Thoughts would be most appreciated.

Cheers

This sounds totally reasonable.

I have vague memories that there was some demand for a generic way to slap attributes on decls without changing the source code, but I don’t remember who wanted that. I thought it had something to do with static analysis, so maybe Jordan or Anna know?

It feels premature to me to try to build out that functionality when we already have special case lists implemented for such a similar use case (sanitizer blacklists), so I’m in favor of moving forward with those.

This sounds totally reasonable.

I have vague memories that there was some demand for a generic way to slap
attributes on decls without changing the source code, but I don't remember
who wanted that. I thought it had something to do with static analysis, so
maybe Jordan or Anna know?

Correct. We have implemented such system for clang. We call it API Notes.
It currently lives in the out-of-tree clang used by the Swift compiler (
http://github.com/apple/swift-clang). It is not complete, for example, it
lacks C++ support, but we've been using it in production for several years
now.

Doug has sent out an email about this and other out-of-tree changes trying
to figure out if the community has interest in these additions.

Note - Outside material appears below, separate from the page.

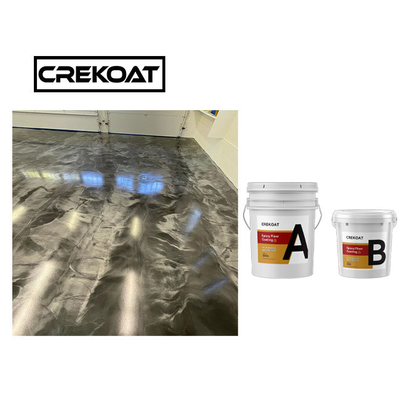 Plancher de résine époxyde de qualité marchande enduisant Gray Metallic Epoxy Floor non toxique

Here is the
thread, it mainly discusses API Notes:

http://lists.llvm.org/pipermail/cfe-dev/2015-December/046335.html

Cheers,
Anna

Thanks Reid!

I agree, I think we can build upon this later on in case we want a more generic utility for imbuing attributes through a side channel.

-- Dean

Thanks for the pointer Anna -- I'll go have a read about this.

Maybe later on we can generalise based on experience from swift to inform the design/use-cases if this will ever be done in clang.

Cheers

-- Dean

>
>
>
> This sounds totally reasonable.
>
> I have vague memories that there was some demand for a generic way to
slap attributes on decls without changing the source code, but I don't
remember who wanted that. I thought it had something to do with static
analysis, so maybe Jordan or Anna know?
>
> Correct. We have implemented such system for clang. We call it API
Notes. It currently lives in the out-of-tree clang used by the Swift
compiler (http://github.com/apple/swift-clang). It is not complete, for
example, it lacks C++ support, but we've been using it in production for
several years now.
>
> Doug has sent out an email about this and other out-of-tree changes
trying to figure out if the community has interest in these additions. Here
is the thread, it mainly discusses API Notes:
>
> http://lists.llvm.org/pipermail/cfe-dev/2015-December/046335.html

Thanks for the pointer Anna -- I'll go have a read about this.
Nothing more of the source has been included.